The Venda people
The Venda people were one of the last black tribes to migrate south of the Limpopo River. When they moved in to South Africa they found a beautiful, bountiful area, which they promptly named Venda (pleasant place) and settled there.
Lanky, yet graceful, the Venda people are warm and friendly. Their history began in the valleys and mountains of Limpopo Province, where their forebears established a great civilisation centred round Mapungubwe.
Though ruled by kings, the position of women in Venda culture is unusual in Africa in that they are encouraged to occupy senior positions in society. It is common for a woman to inherit her father's estate where there is no apparent male heir.
Children and the elderly have their own role to play. This is linked to the recognition and worship of the ancestors. Having just joined the earthly plane, the children are still close to the ancestors. The elderly are also close to the ancestors because they will soon join the spiritual realm in death.

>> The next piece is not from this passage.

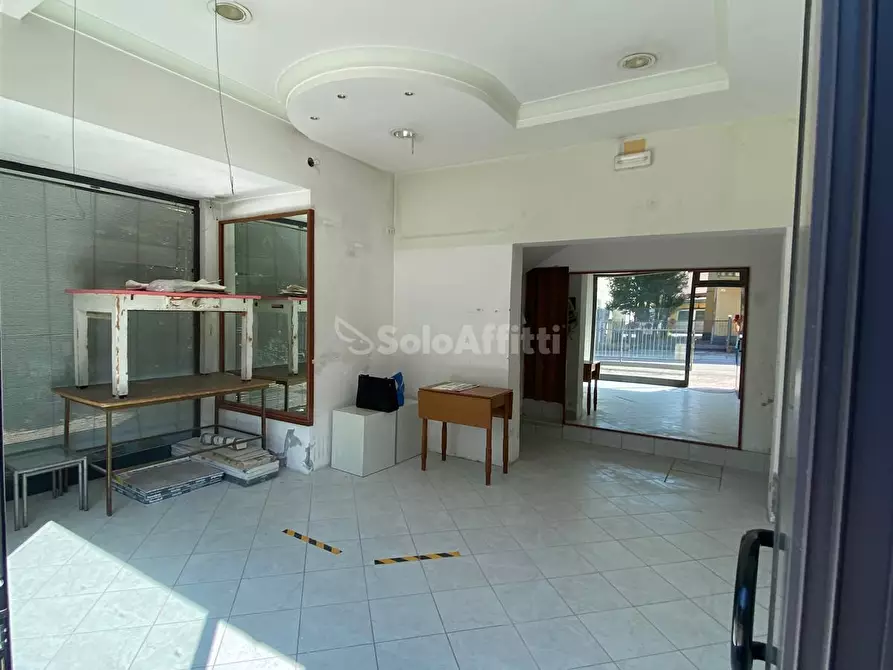 Immagine 1 di Magazzino in affitto  in Via Antonio Guadagnoli 19 a Rimini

In Venda tradition there are many sacred sites, especially Lake Fundudzi high in the Soutspansberg Mountains. Even today, it is believed this is where the White Python – the god of fertility – lives.

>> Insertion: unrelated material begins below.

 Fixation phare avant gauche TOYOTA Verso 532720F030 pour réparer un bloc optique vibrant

In reverence to the python, young female initiates perform the Domba dance. This is where the girls form a chain of bodies. When they move to the rhythm of beating drums, it replicates the movement of the snake, as well as a baby in the womb.
What sets the Venda culture truly apart from other tribes in South Africa is the role of art in the community. Artists are called by the spirit world through unusual dreams and visions to fulfil their destinies, giving their work a supernatural energy. This places them on the same social plane as a traditional healer.